I read this from SA here,
the comment from norkot2003 surprises me:
“Here is a fact for all of you: There are only 211 wells bored in the Bakken in the last 8 years that topped 1 million barrels of production.”
Your accumulated production data here just have half a dozen with over 1 MMBO.
That there are people on Seeking Alpha making unsubstantiated claims is not surprising to me.
Can he show the actual list of wells that reached 1 million bo?
Anybody can easily falsify the ND well production numbers shown here. ND also publishes annually a list of individual well production numbers, incl. cums.
I will publicly give due credit to anybody showing an issue with my data.
I’ve commented on the thread you referred to.
I’ve on several occasions pointed out to Michael Filloon that his Bakken claims are wildly off, and now he clearly posted data that is obviously incorrect. It appears to me that he has been using a flawed dataset all this time. Let’s see his response.
Always informative when spirited discussions arise in these matters.
(Wonder if the 1 million barrel production mentioned above included the produced gas component? Our ol’ buddy – boe – jes don’t wanna leave, huh?)
Anyway, I just scanned through a few of the more recent presentations from the ND DMR folks and was a little surprised at their numbers.
Several months back, their Typical Bakken Well Production graphic showed 94 barrels oil per day output at the 5 year mark.
The more recent, Sept. 2016 Presentation has, on page 8, 110 bpd at the 5 year mark … dropping down to 50 bpd at 16 years online.
I realize these numbers are vastly higher than what your data shows, but it’s another, IMHO, example how statistics can be slightly more … fluid, than one may suspect.
Your extensive North Dakota data unquestionably shows complete, verifiable production numbers.
But, if the ND folks utilize what they describe as a “Typical Bakken Well”, variation is sure to show.
Specifically, if one looks at the single, 60 day IP graphic that is included in almost all DMR presentations, there are a Kardashian-Size Asston (KSA) of poorly performing wells that you may be including in your dataset, but the ND folks do not as they are not considered “Typical” wells.
As is my inclination, I do not feel there are right/wrong positions in these matters as long as both clarity and understanding are present.

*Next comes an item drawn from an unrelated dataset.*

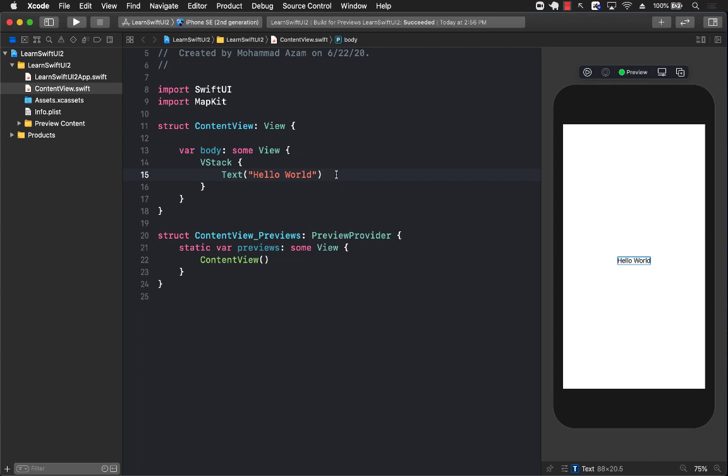One of the new controls that have been added to SwiftUI is the text editor, which allows you to write multiple lines of text. We already had text field, but that only allows for a single line.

Yeah, 110 barrels per day 5 years out sure seems like a lot.
… and a quick followup, that Typical Bakken Well profile shows a touch below 200,000 barrels oil first year online.
“Several months back, their Typical Bakken Well Production graphic showed 94 barrels oil per day output at the 5 year mark.
The more recent, Sept. 2016 Presentation has, on page 8, 110 bpd at the 5 year mark … dropping down to 50 bpd at 16 years online.”
Only about 12% of the ND wells so far did still more than 90 bo/d after 5 years on production. See the image below. This percentage drops to 7% for a rate of 110 bo/d.
If “typical” actually means the top decile, hasn’t the word lost its meaning? It would be the same as saying that the typical US household has a million $ of net worth.
Only 3% of the ND wells did 200 kbo cumulatively, after a year on production.
Unless, of course, our friend Boe has joined the party again; then it would be a few % more.
I consider it misleading, as it is so easy to misinterpret. “Typical” is more commonly used for close to average, or median. I find the ND production data very useful and reliable, but their analyses and predictions lacking.
Just read the comments on Filloon’s SA post that Mr. Sheng Wu linked.
I think a huge “Whoops” might be coming from Mike.
His numbers seem to be wildly skewed.